European safety regulators have warned of a potentially unsafe condition with the tail rotor assemblies of Leonardo Helicopters AW169 and AW189 rotorcraft.
Although the move follows the fatal crash of an AW169 in Leicester, UK on 27 October, the emergency airworthiness directive stresses the root cause of that accident "has not been identified".
The Leicester crash occurred "while the helicopter was on a take-off phase at low forward speed" and "a loss of yaw control was observed".
Footage of the AW169's take-off shows its pilot performing a vertical departure before the helicopter develops an uncontrollable spin and crashes to the ground.
Issued by the European Aviation Safety Agency, the directive stipulates that operators of both types must, within five flight hours or 24h, inspect the tail rotor servo-actuator installation.
On 6 November, the manufacturer issued an emergency service bulletin advising operators of the AW169 to check the installation and functioning of the same component.
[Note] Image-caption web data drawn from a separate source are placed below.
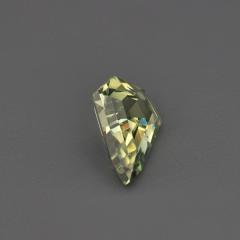 Nangi fine jewelry - green gemstone in gold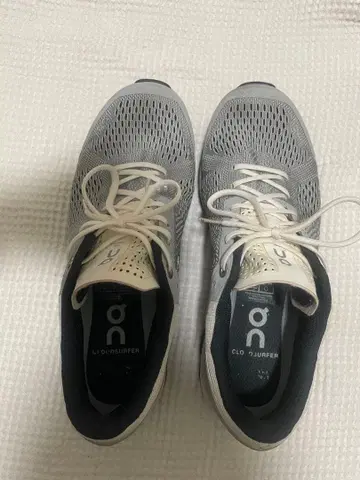 ON Cloud Surfer 그레이 스니커즈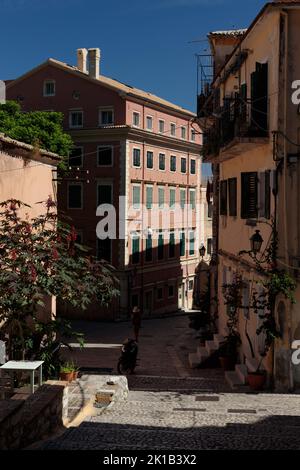 Edifici storici nella città vecchia di Corfù, capitale dell'isola di Corfù, Grecia Foto Stock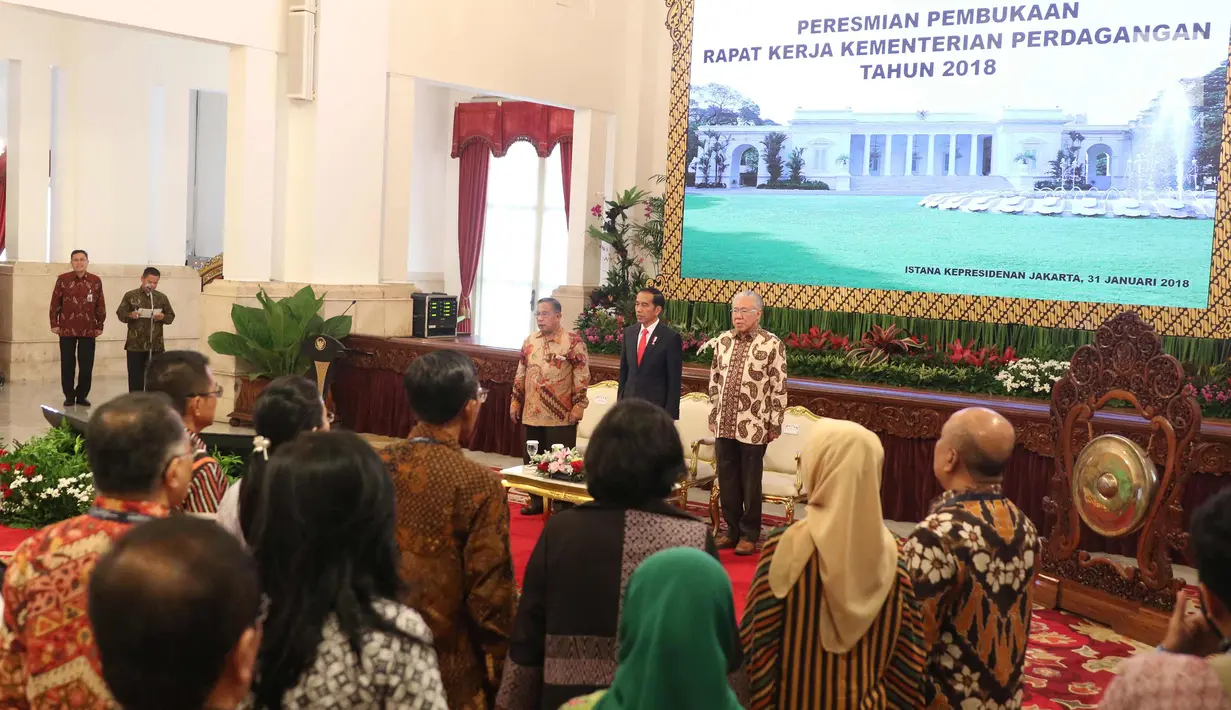 Presiden Joko Widodo didampingi Menteri Perekoniman, Darmin Nastion dan Mendag Enggartiasto Lukita saat mengikuti rapat kerja Kementerian Perdagangan (Kemendag) 2018 di Istana Negara, Jakarta, Rabu (31/1). (Liputan6.com/Angga Yuniar)
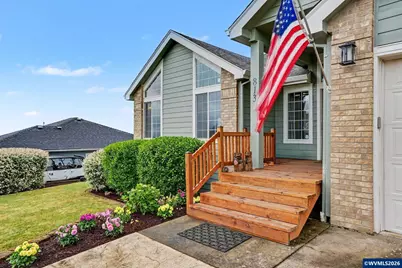 813 SW 8th St, Sublimity, OR 97385 - Photo 1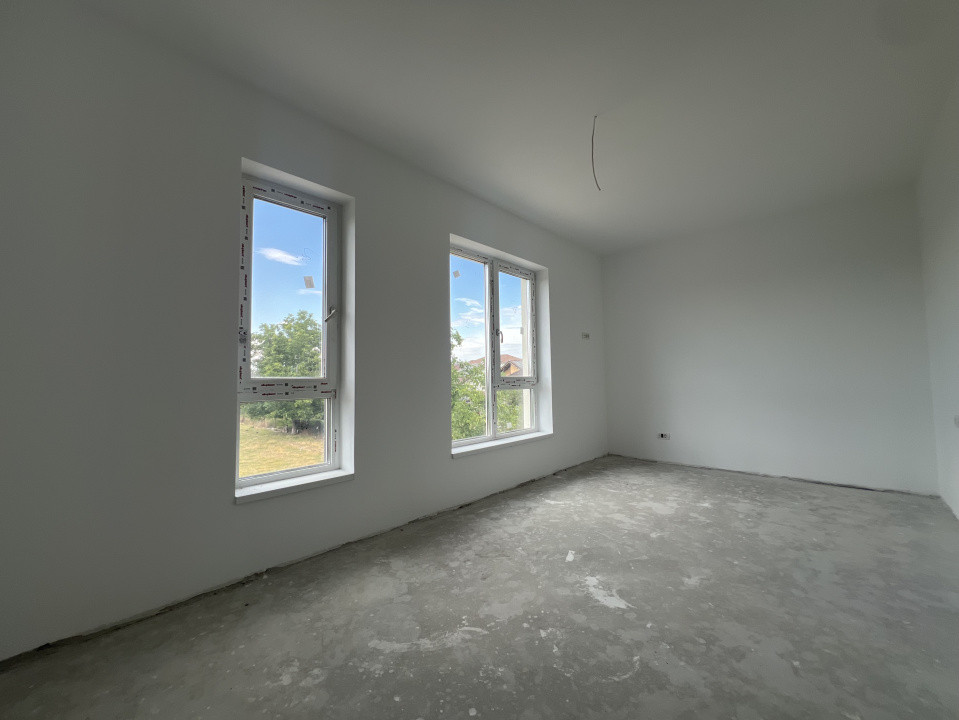 Duplex 4 camere, 100mp utili +12mp terasa, pozitie excelenta -Giroc 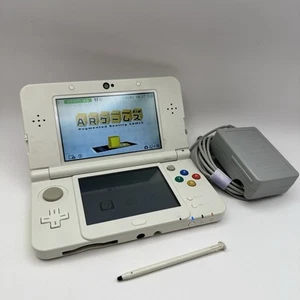 【Exc+5】 Nueva consola nintendo 3ds blanca NTCS-J Animal Crossing Dressing Plate - Imagen 1 de 22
"Incorrect installation may lead to loss of tail rotor control which, depending on the flight condition, could lead to loss of control of the aircraft," the bulletin warns.
No safety issues have so far been detected with the larger AW189 super-medium-twin, but EASA notes that it is included in the directive as its tail rotor control system is "of a similar design" to that on AW169.
The UK Air Accidents Investigation Branch has yet to release any information related to the cause of the Leicester crash.
Leonardo Helicopters describes the service bulletins for both types as "precautionary", adding that "any hypothesis on the cause of the accident is premature at this time and the AAIB investigation continues".